BEGIN Provided data
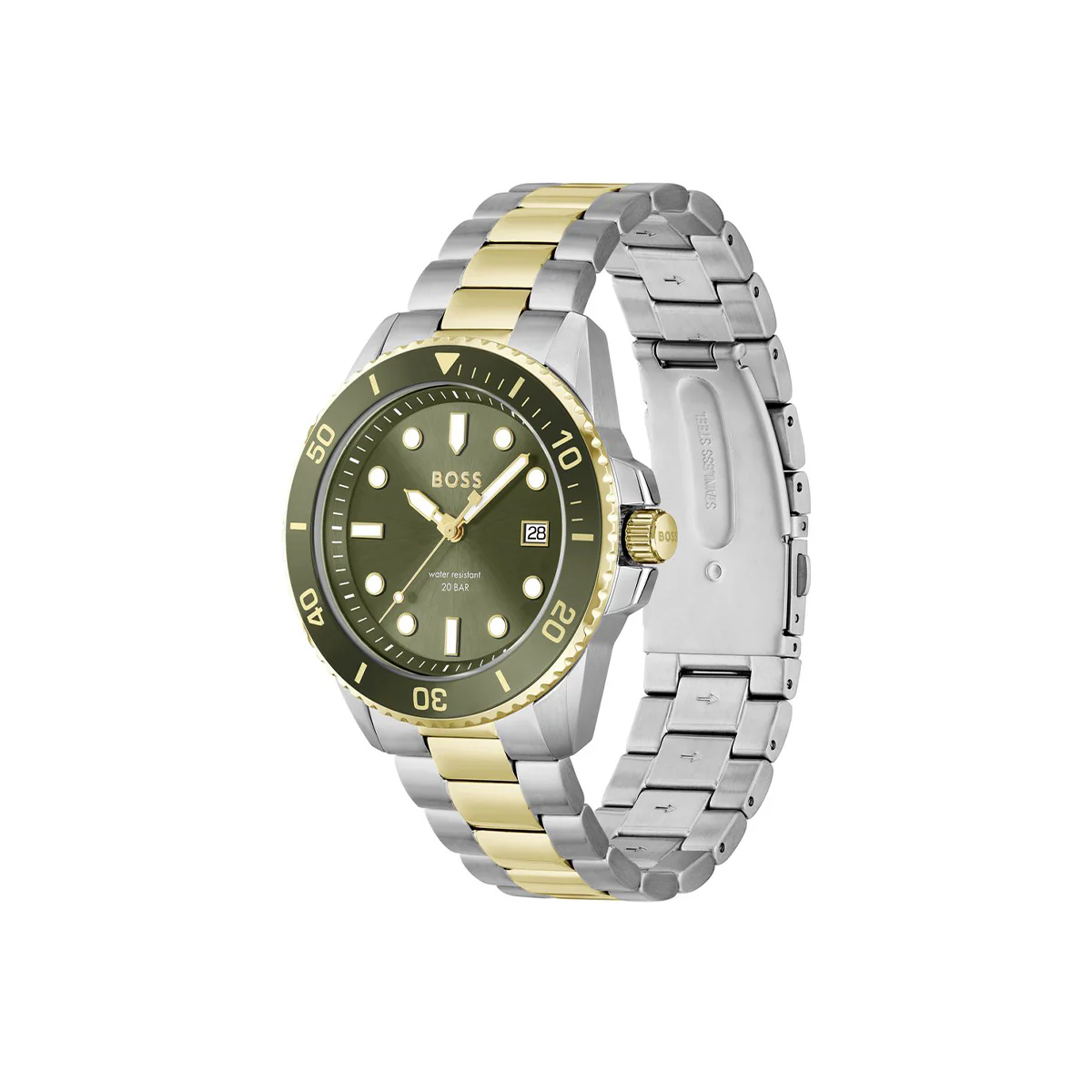 Boss Watch Quartz Movement In A Round Case With Multicolor Stainless Steel Bracelet And Green Dial - Image 3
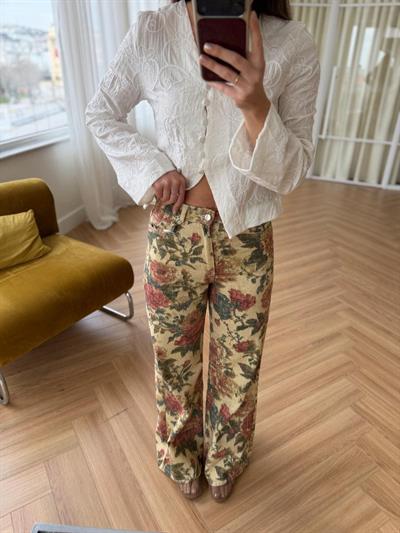 Vintage Desenli Pantolon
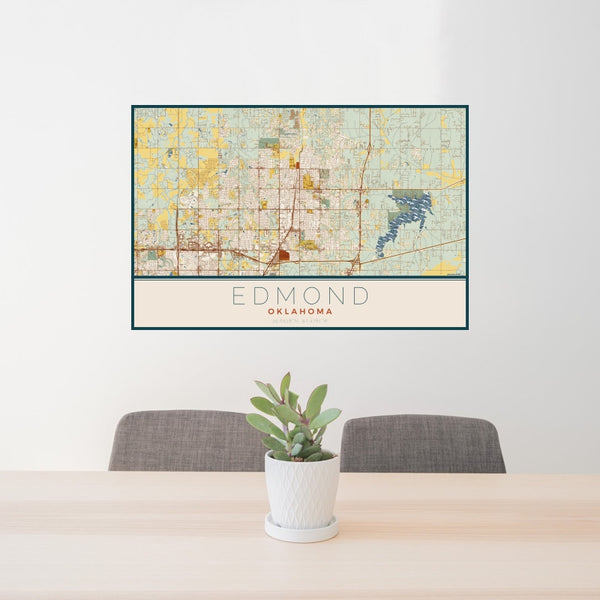 Edmond - Oklahoma Map Print in Woodblock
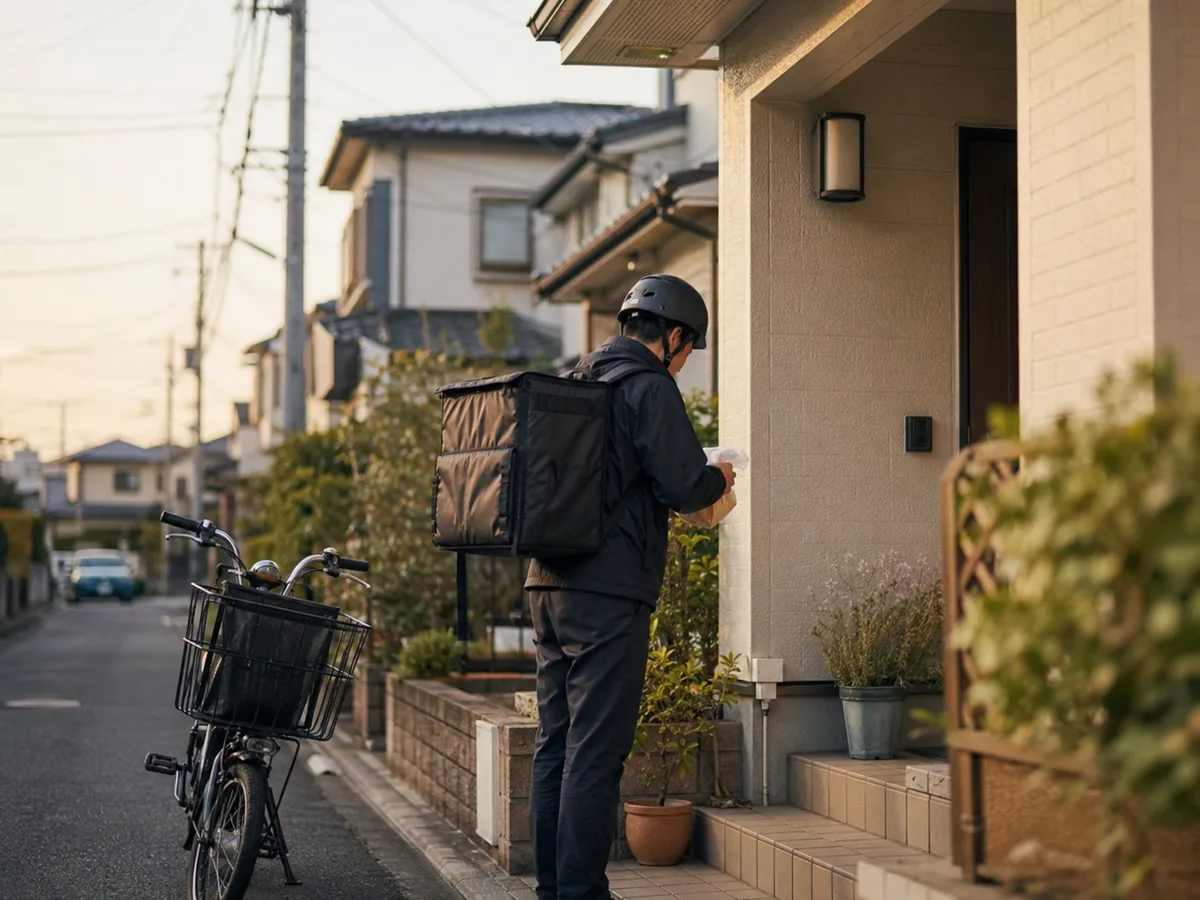 保温バッグを背負い戸建て住宅に料理を届けるフードデリバリーの配達員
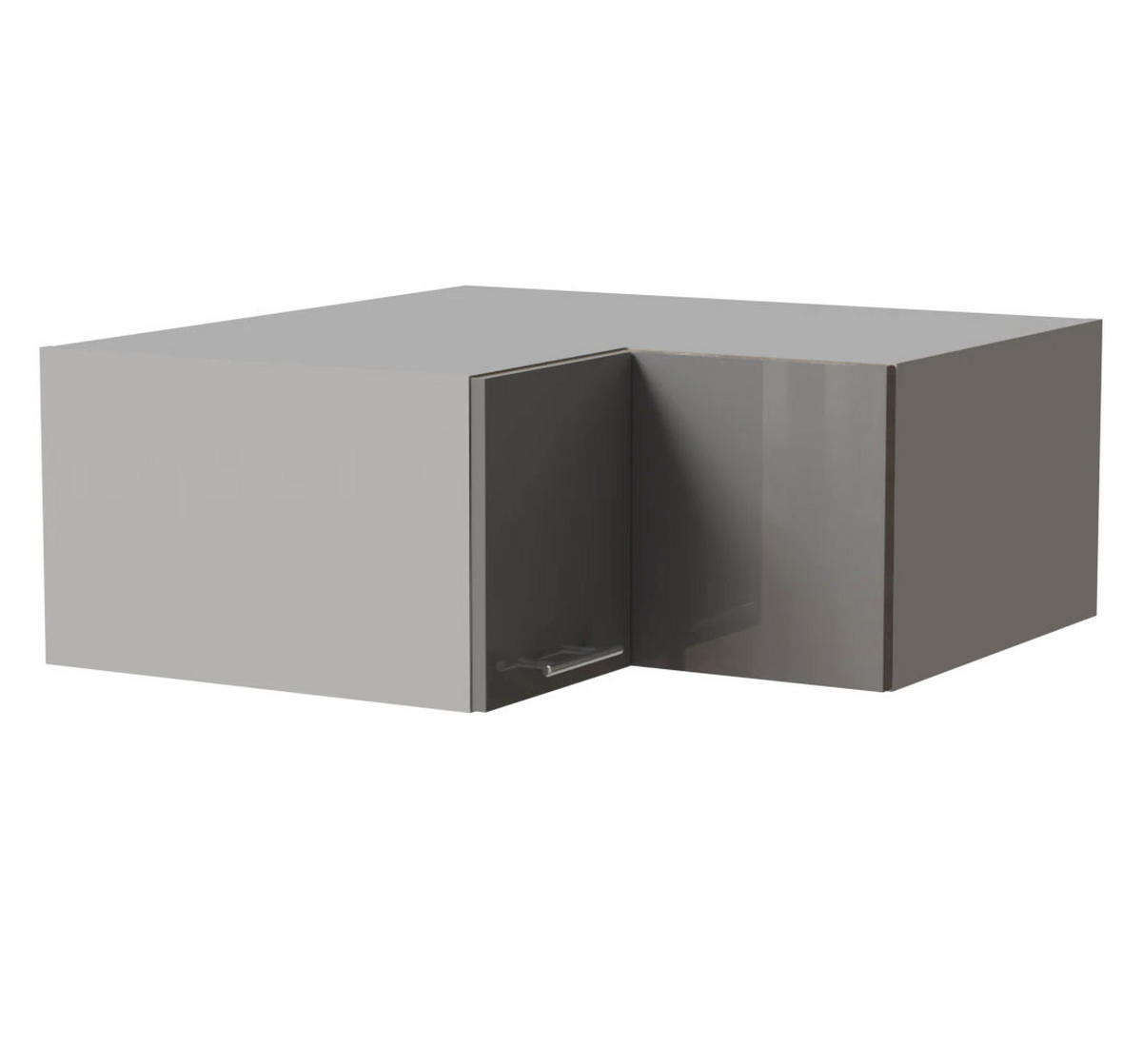 ECK-AUFSATZSCHRANK Essen W14/90/36 Grau Hochglanz / Grau Matt 90 / 90 / 36cm - Grau, Holz/Holzwerkstoff (90/36/90cm) - Feldmann-Wohnen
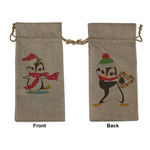 Christmas Penguins Large Burlap Gift Bag - Front & Back (Personalized)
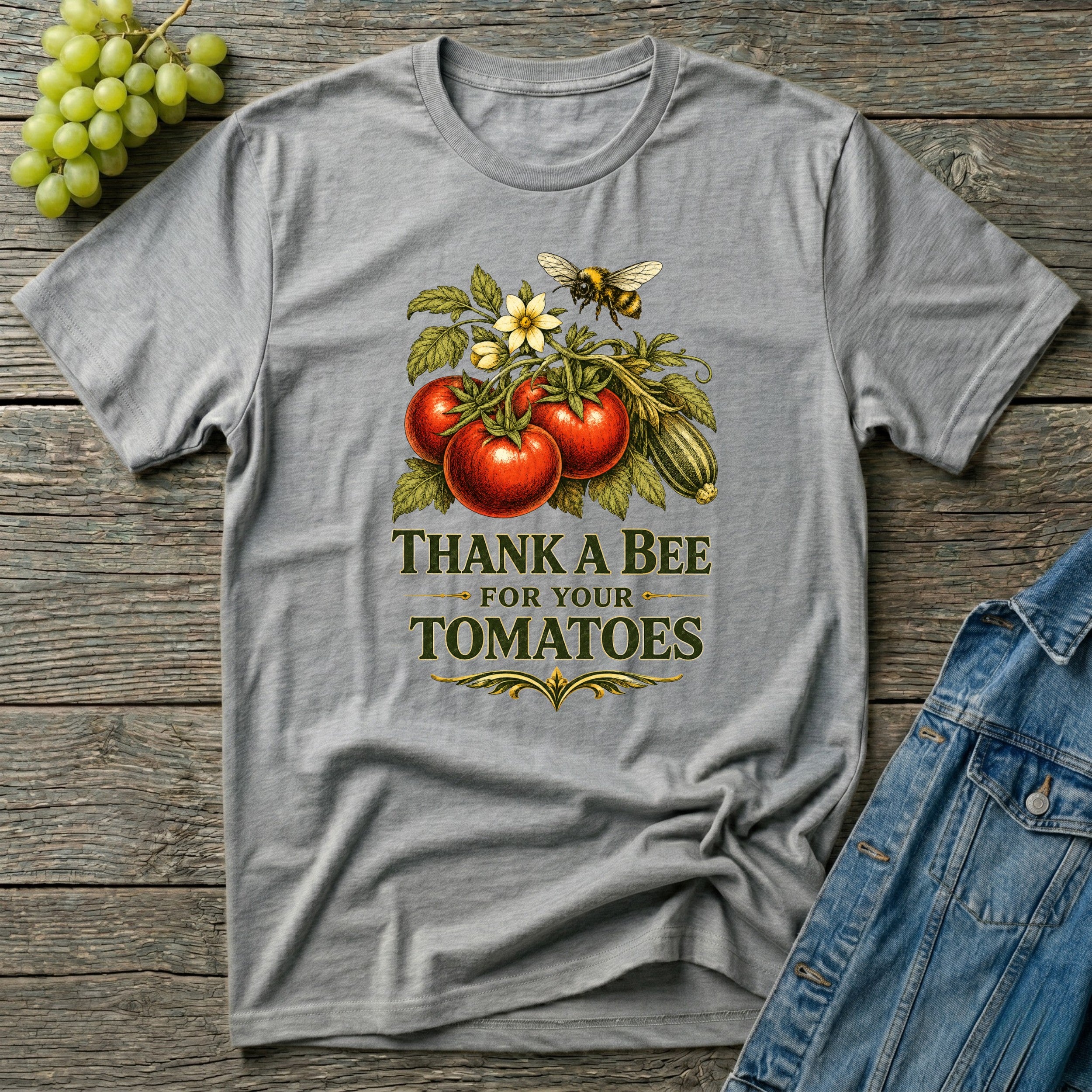Thank a Bee for Your Tomatoes Bold Gardening T-Shirt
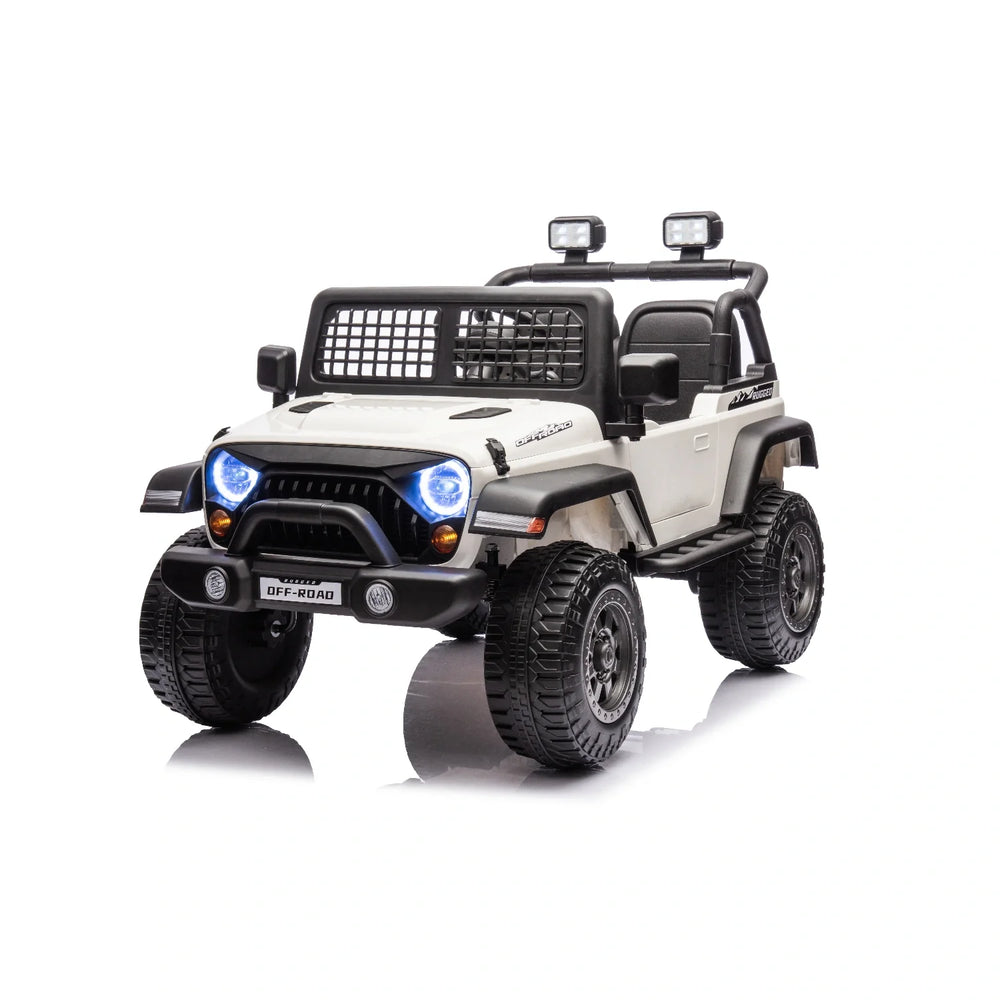 12V Kids Single-Seat Ride-On Jeep – White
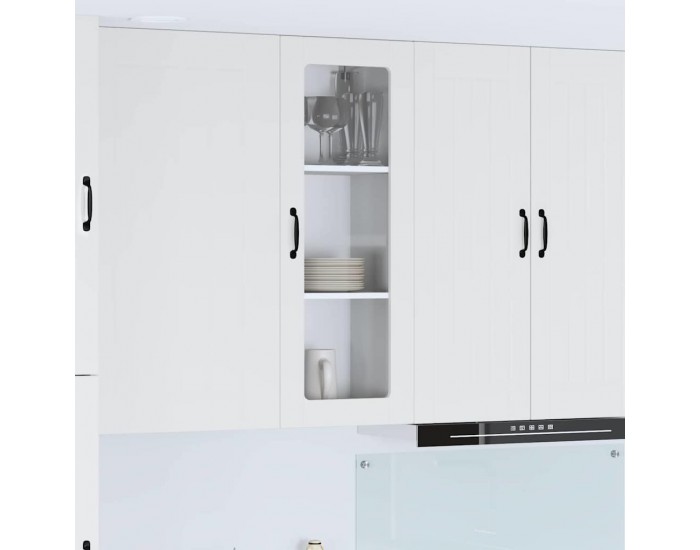 Sonata H Горен кухненски шкаф с рафт Лъскаво бяло 40 x 31 x 100 см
END Provided data
#### [Activity]
Go through the data above and transcribe it in full, omitting any image.

#### [Finished task]
 Boss Watch Quartz Movement In A Round Case With Multicolor Stainless Steel Bracelet And Green Dial - Image 3
 Vintage Desenli Pantolon
 Edmond - Oklahoma Map Print in Woodblock
 保温バッグを背負い戸建て住宅に料理を届けるフードデリバリーの配達員
 ECK-AUFSATZSCHRANK Essen W14/90/36 Grau Hochglanz / Grau Matt 90 / 90 / 36cm - Grau, Holz/Holzwerkstoff (90/36/90cm) - Feldmann-Wohnen
 Christmas Penguins Large Burlap Gift Bag - Front & Back (Personalized)
Thank a Bee for Your Tomatoes Bold Gardening T-Shirt
 12V Kids Single-Seat Ride-On Jeep – White
 Sonata H Горен кухненски шкаф с рафт Лъскаво бяло 40 x 31 x 100 см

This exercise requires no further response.